A Hybrid Sampling Algorithm Based on Generative Adversarial Networks and Reinforcement Learning for Medical Insurance Fraud Detection
摘要
In medical insurance fraud, there is an imbalance between normal and fraud samples, which seriously hinders the process of fraud identification. This study proposes a new hybrid sampling algorithm, RIGAN, by combining generative adversarial networks and reinforcement learning. The algorithm first denoises and deduplicates the initial samples through the natural neighbor search method while preserving the basic data information. Then, it uses an improved generative adversarial network to generate fraudulent samples, which is beneficial for the training of subsequent classification models.
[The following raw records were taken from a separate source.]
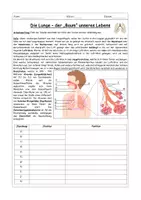Vorschau - Stundenentwürfe - Die Lunge - Arbeitsblatt: Aufbau und Funktion der Lunge - Seite 1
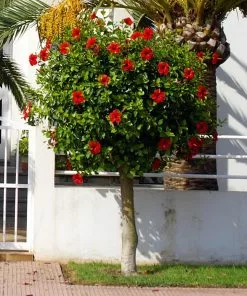 Fast Growing Trees Red Tropical Hibiscus Tree 11 Fast Growing Trees Red Tropical Hibiscus Tree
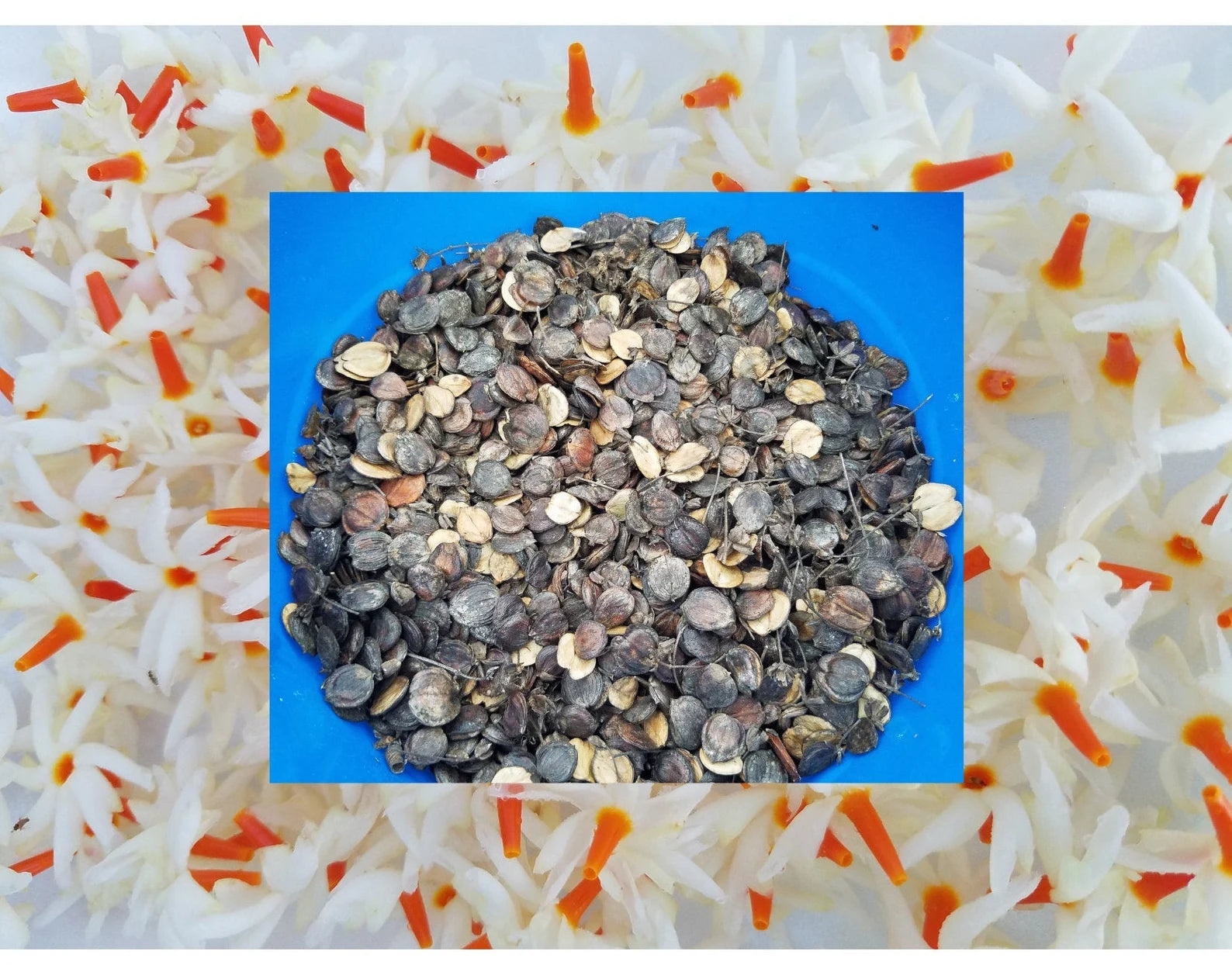 18 Parijata Seeds Harshiangar Nyctanthes Arbor Tristis | HariOMChandraFarm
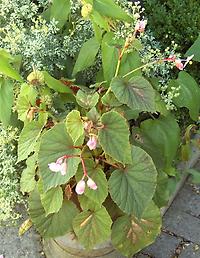 Begonia_grandis.jpg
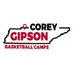 Corey Gipson Elite Camps (@GipsonBBallCamp) Twitter profile photo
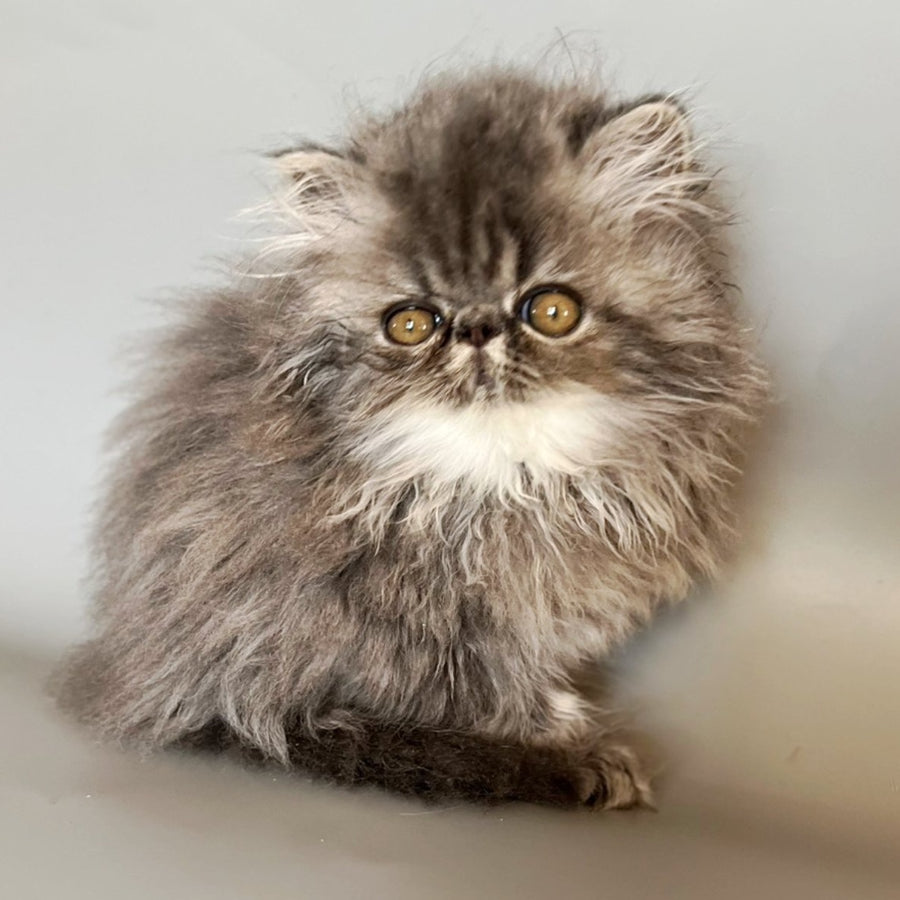 Balloo Persian male, blue silver spotted tabby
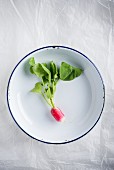 A French breakfast radish on an enamel plate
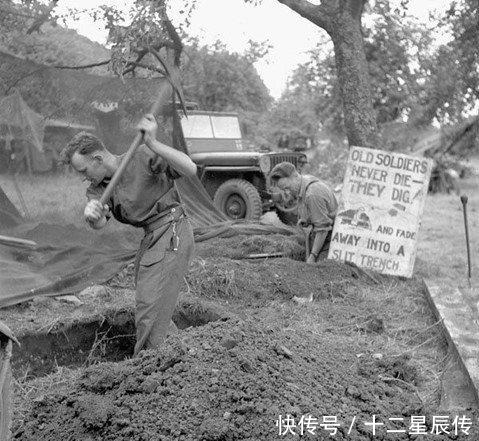 二战|二战士兵搞笑照在飞机螺旋桨上睡觉,让狗装成士兵站岗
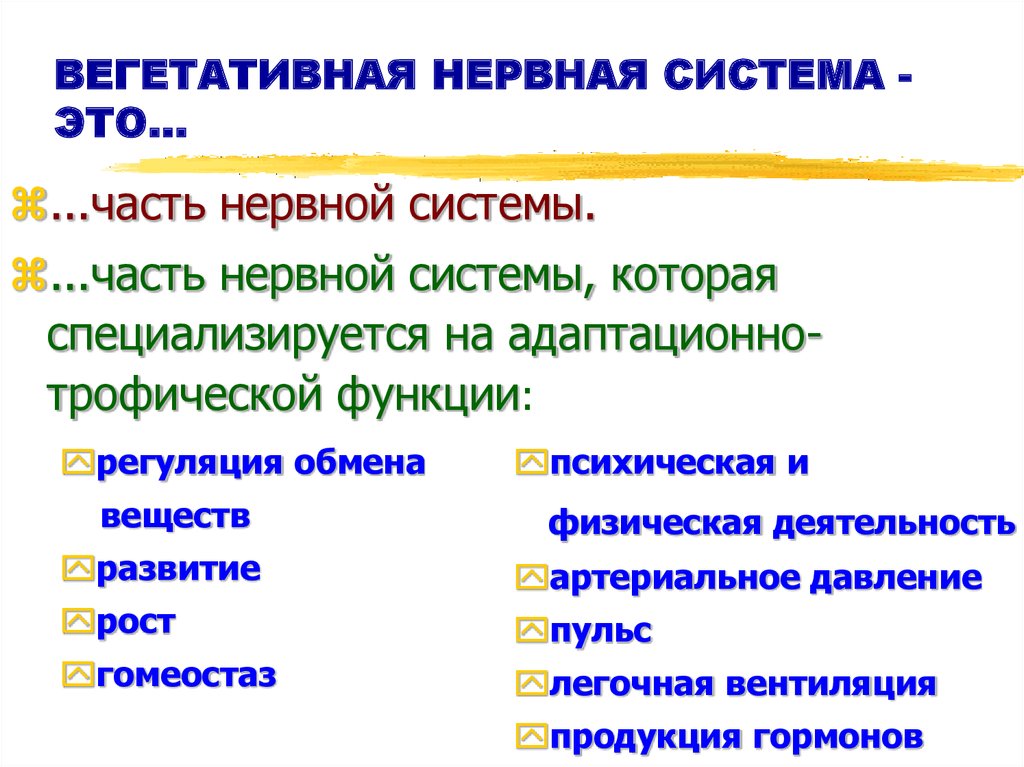 ВЕГЕТАТИВНАЯ НЕРВНАЯ СИСТЕМА - ЭТО...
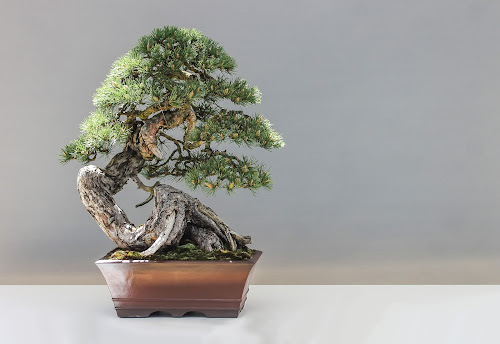 are bonsai tree hard to take care of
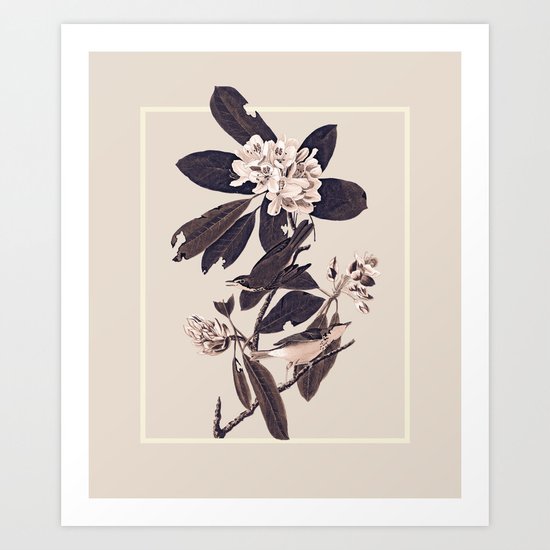 Cardellina Art Print
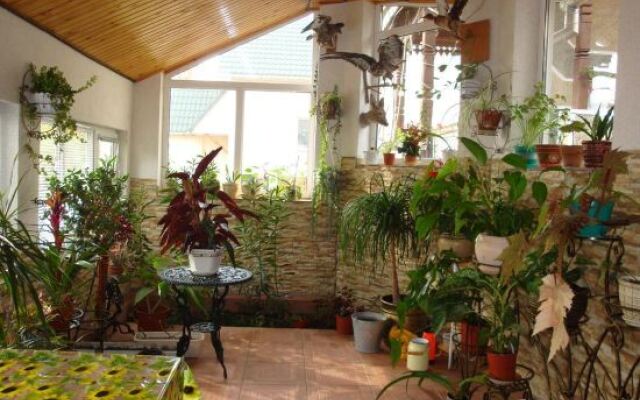 Vyshenka Guest House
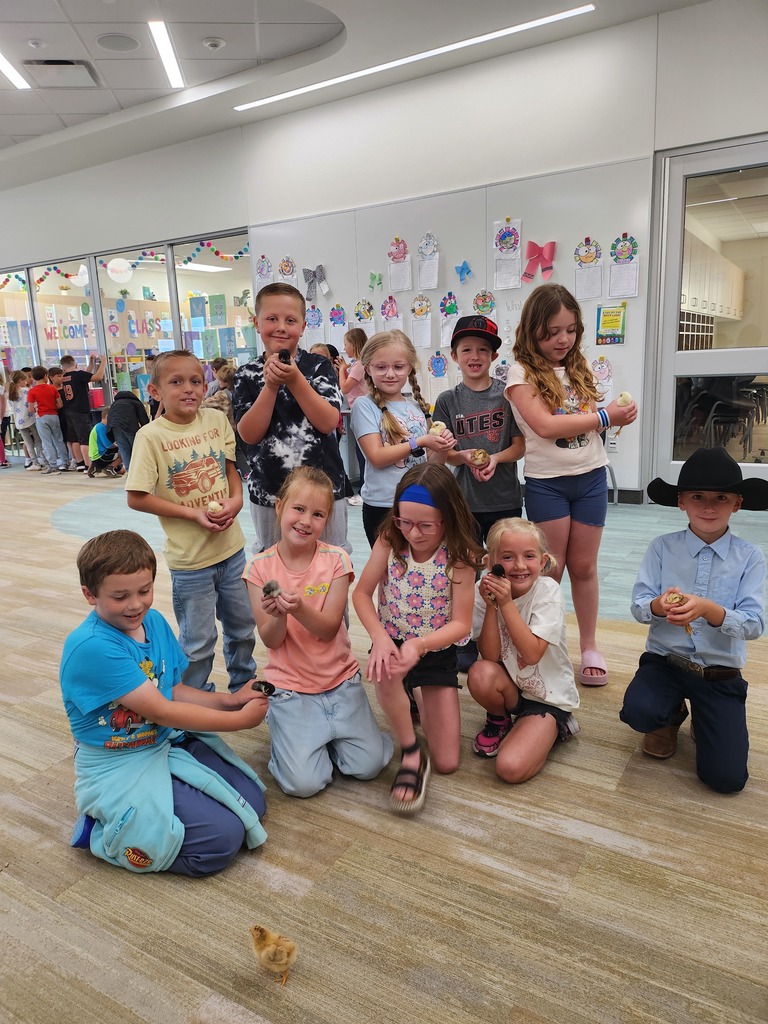 A small group of ten children poses in a bright hallway, with many of them gently holding small, fuzzy chicks in their hands. The background features a glass wall and a white door. One boy on the left wears a yellow shirt that says "LOOKING FOR ADVENTURE."
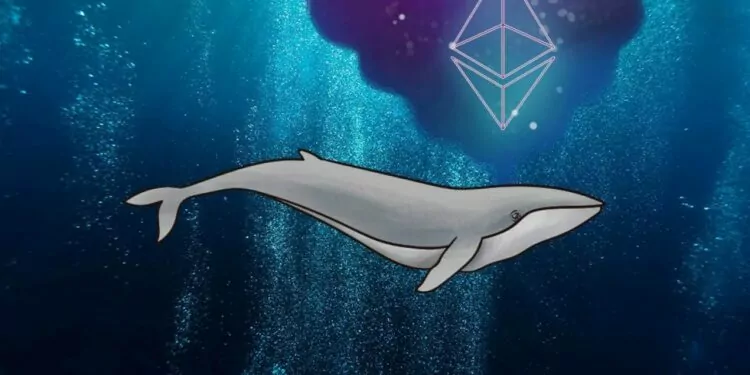 Ethereum Balinaları Bu Coini Alıyor!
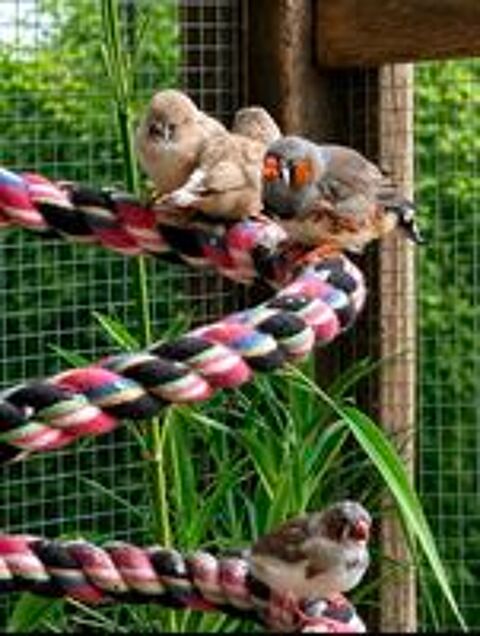   Couples mandarins.  
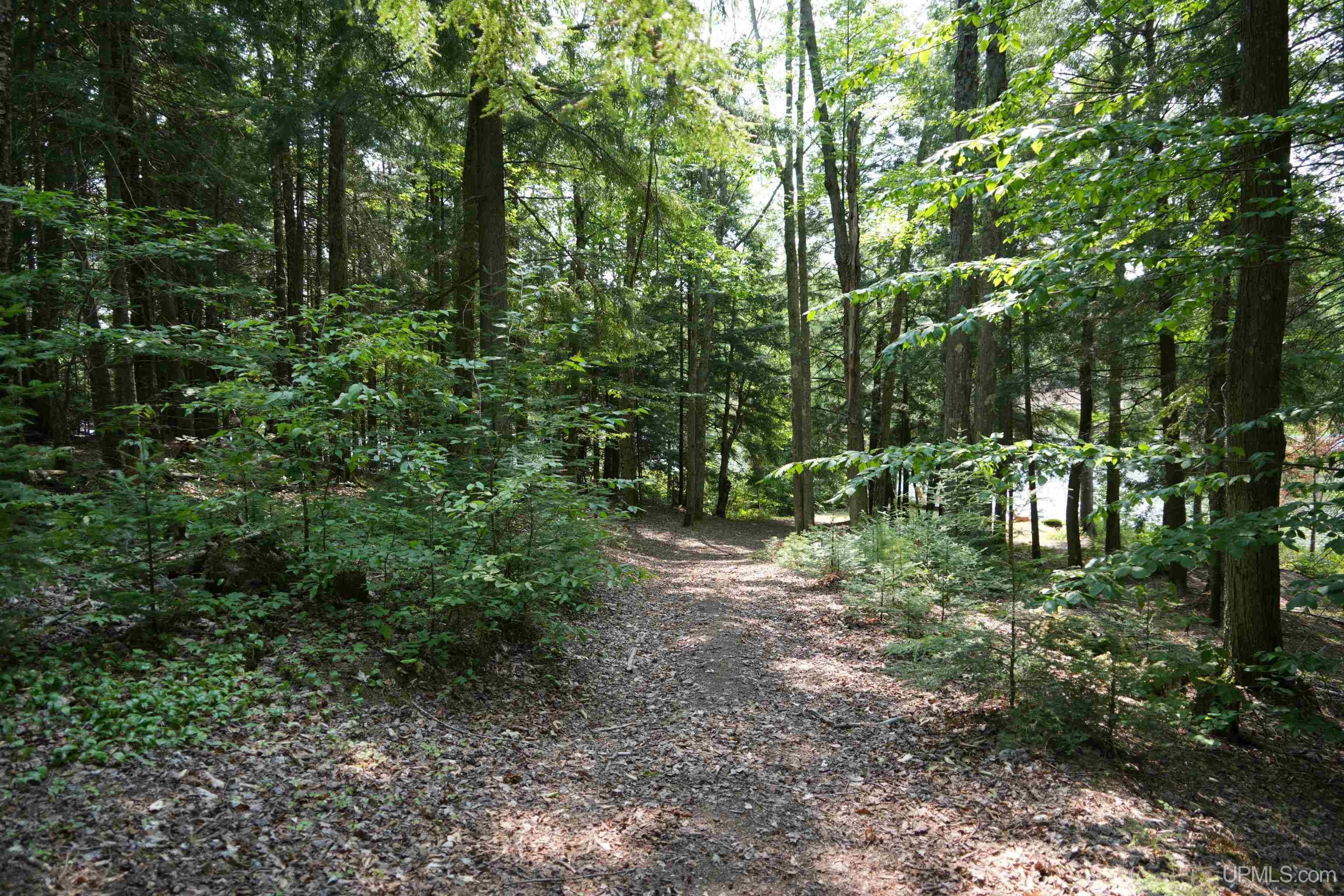 MLS 50150190 Large photo number 86 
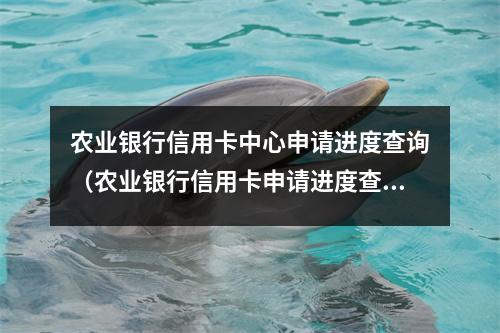 农业银行信用卡中心申请进度查询(农业银行信用卡申请进度查询代码怎么查)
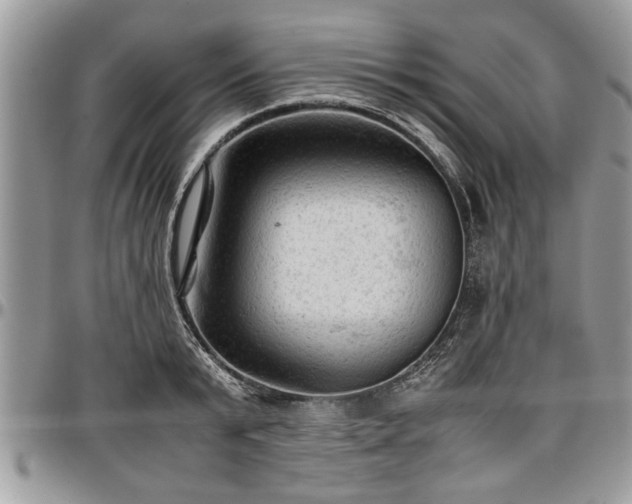 X0000096940799200802151214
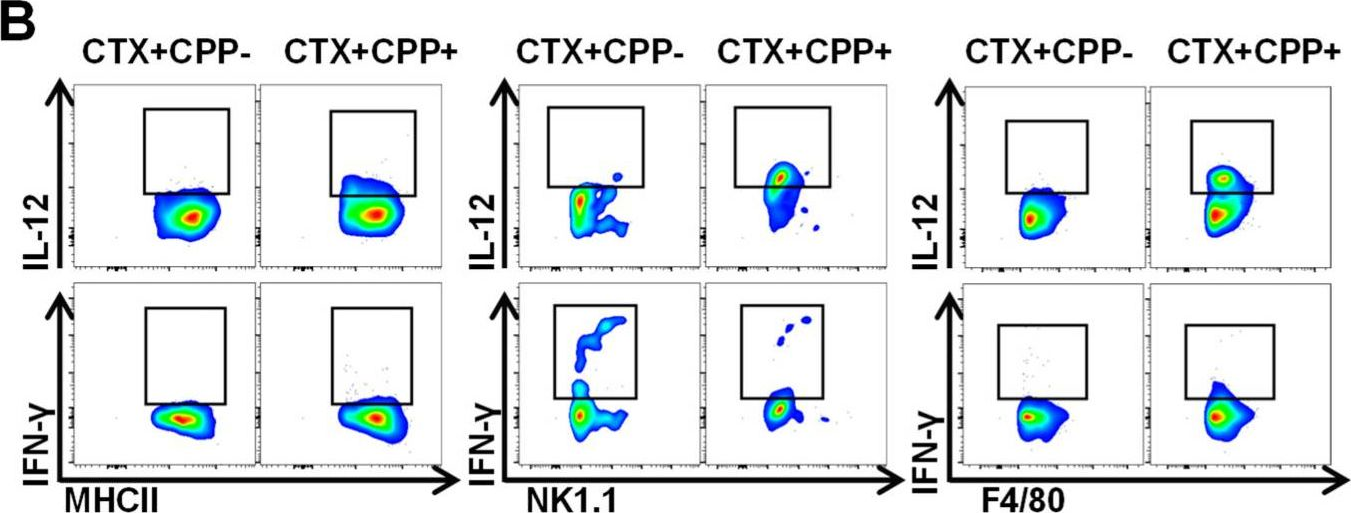Fig.3.B showing Flow cytometry/Cell sorting in a Mus musculus (House mouse) sample from the publication: Carrot Pomace Polysaccharide (CPP) Improves Influenza Vaccine Efficacy in Immunosuppressed Mice via Dendritic Cell Activation.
Finally, the PPO algorithm(Proximal Policy Optimization) is introduced to train a sample filter to screen out high-quality samples, achieving mutual reinforcement between the sample filter and the classifier. Experiments on the Kaggle medical insurance fraud dataset show that RIGAN significantly outperforms advanced GAN(Generative Adversarial Networks) methods such as IGAN, CWGAN, SNGAN, and TRANSWGAN, as well as traditional methods such as ADASYN, Borderline SMOTE, and CS-SVM in terms of accuracy (92.26%) and AUC (92.98%), demonstrating outstanding performance and robustness. Further ablation experiments on RIGAN verify the effectiveness of each component in RIGAN, among which component FRL has a stronger sample screening ability compared to traditional filters.